Exercise brief →
Look below for the line containing "El instituto de"; from there, print each line exactly up to and including the line containing "Woman’s Under Armour Hoodie - Picture 3 of 8", and stop.

Records provided →
BEGIN

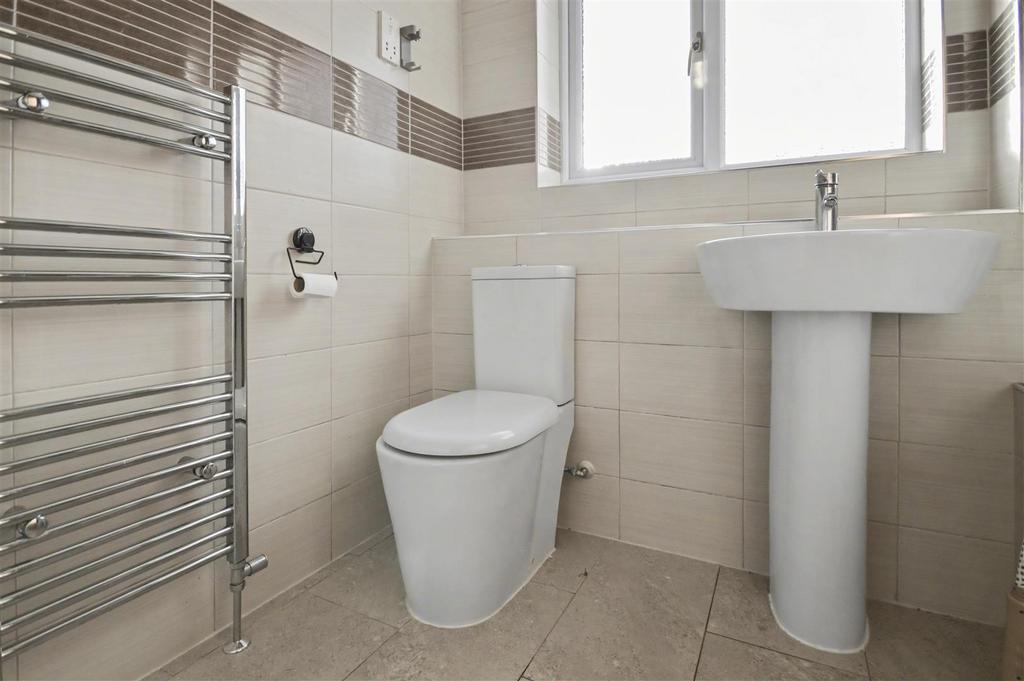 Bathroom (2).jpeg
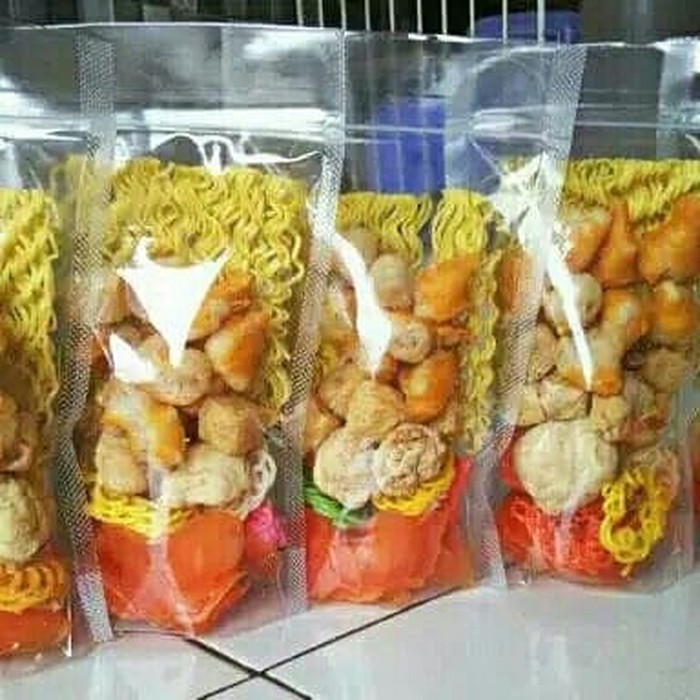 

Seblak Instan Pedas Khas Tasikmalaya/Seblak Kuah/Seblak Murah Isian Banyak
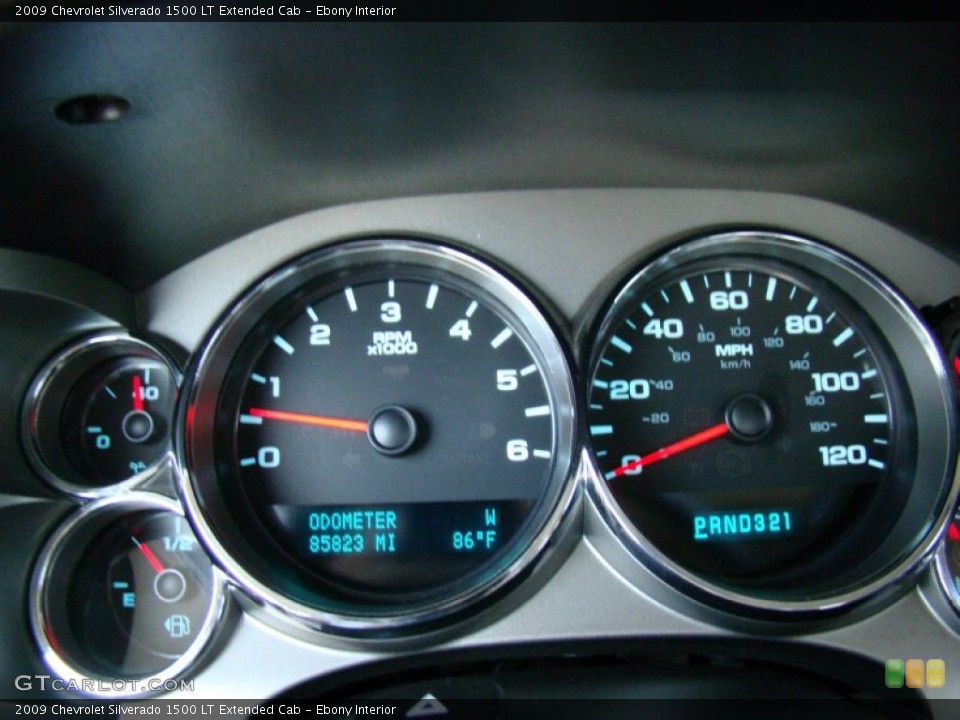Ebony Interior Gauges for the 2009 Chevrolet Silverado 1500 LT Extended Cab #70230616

END
BEGIN

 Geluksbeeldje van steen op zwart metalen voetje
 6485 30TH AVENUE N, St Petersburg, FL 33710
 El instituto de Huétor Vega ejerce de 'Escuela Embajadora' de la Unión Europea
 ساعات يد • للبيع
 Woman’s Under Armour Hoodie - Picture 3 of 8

END
BEGIN

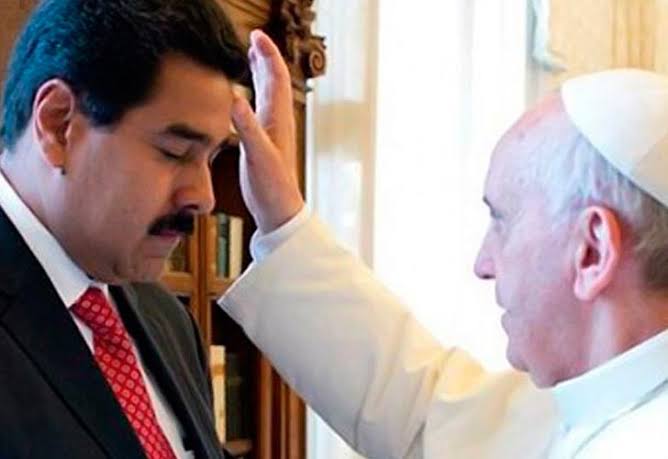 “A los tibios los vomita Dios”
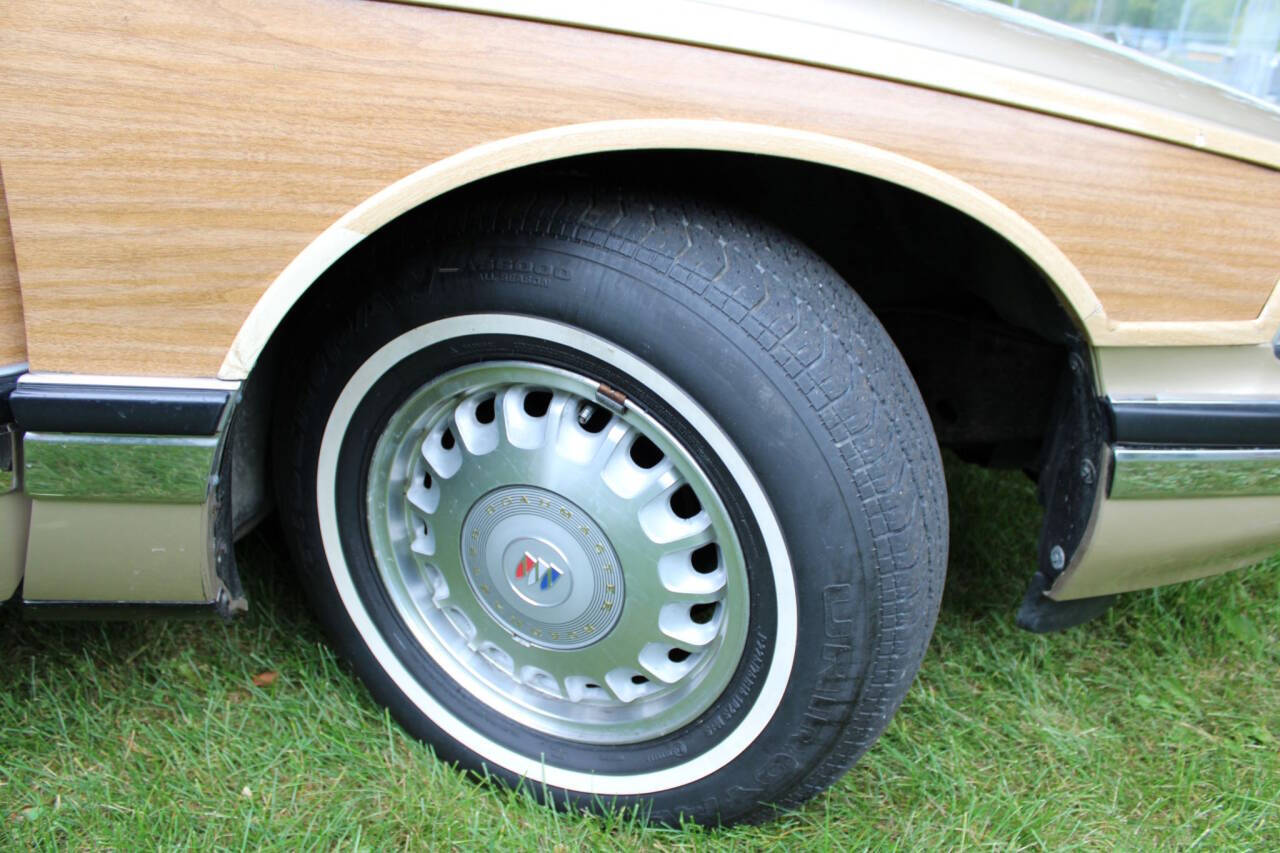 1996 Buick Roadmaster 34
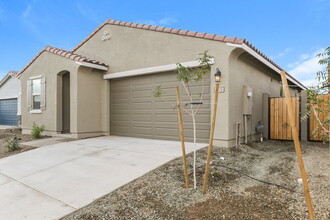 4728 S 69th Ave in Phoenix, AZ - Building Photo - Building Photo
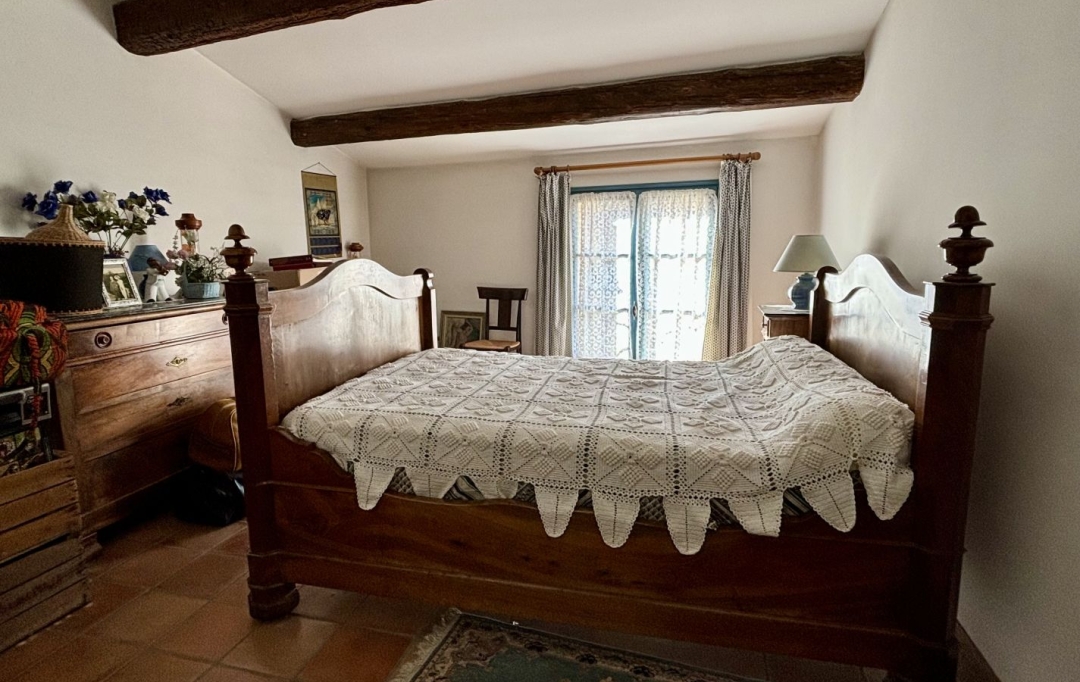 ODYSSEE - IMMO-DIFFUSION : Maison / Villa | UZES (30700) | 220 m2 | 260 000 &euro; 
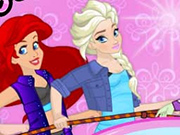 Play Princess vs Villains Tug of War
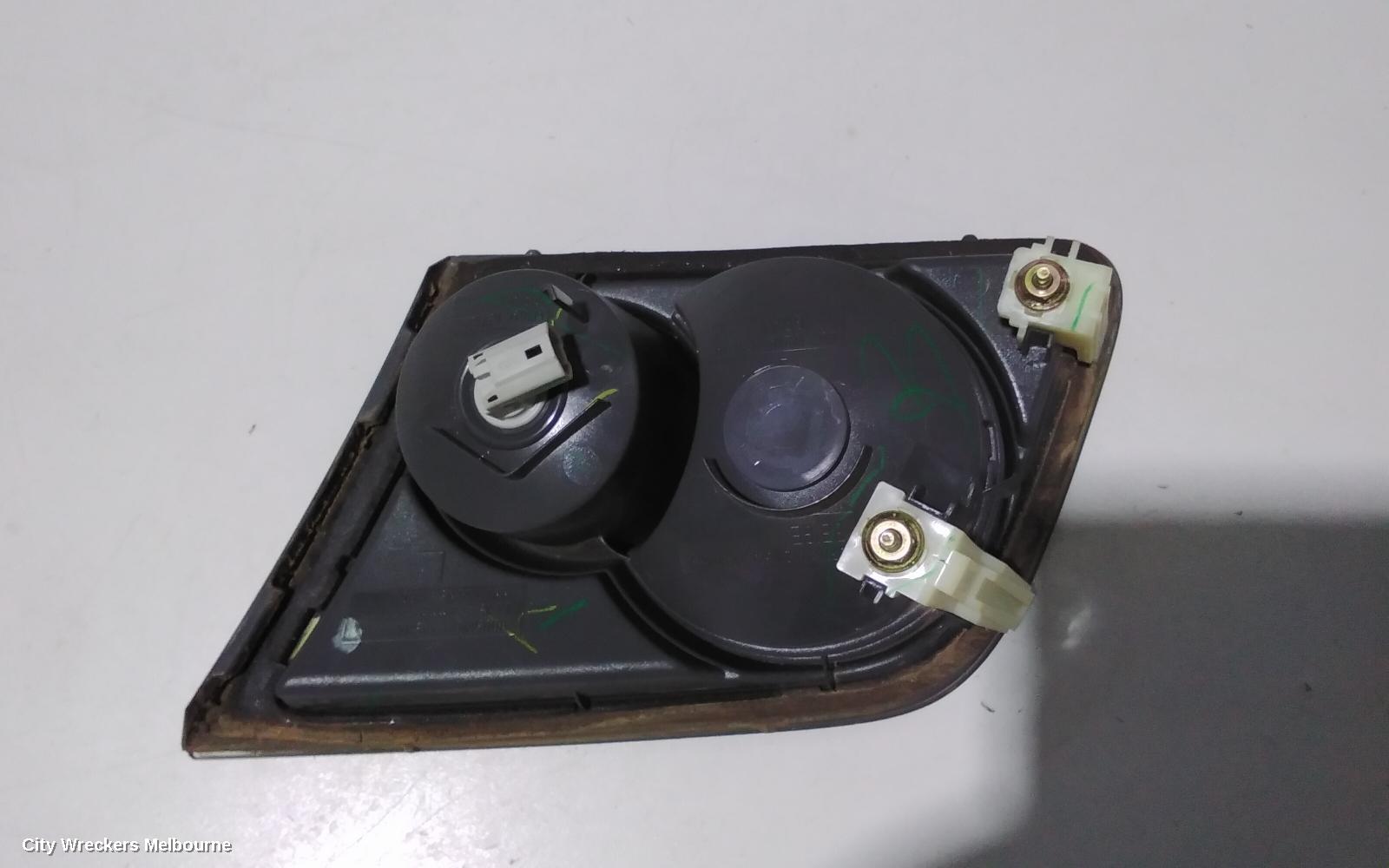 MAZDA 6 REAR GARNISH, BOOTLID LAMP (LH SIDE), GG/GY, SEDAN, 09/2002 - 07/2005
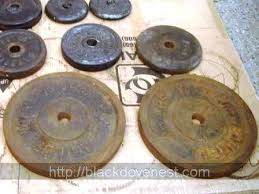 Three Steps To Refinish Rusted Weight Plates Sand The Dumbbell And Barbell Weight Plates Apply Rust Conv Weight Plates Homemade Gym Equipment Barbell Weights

END

Task response →
 El instituto de Huétor Vega ejerce de 'Escuela Embajadora' de la Unión Europea
 ساعات يد • للبيع
 Woman’s Under Armour Hoodie - Picture 3 of 8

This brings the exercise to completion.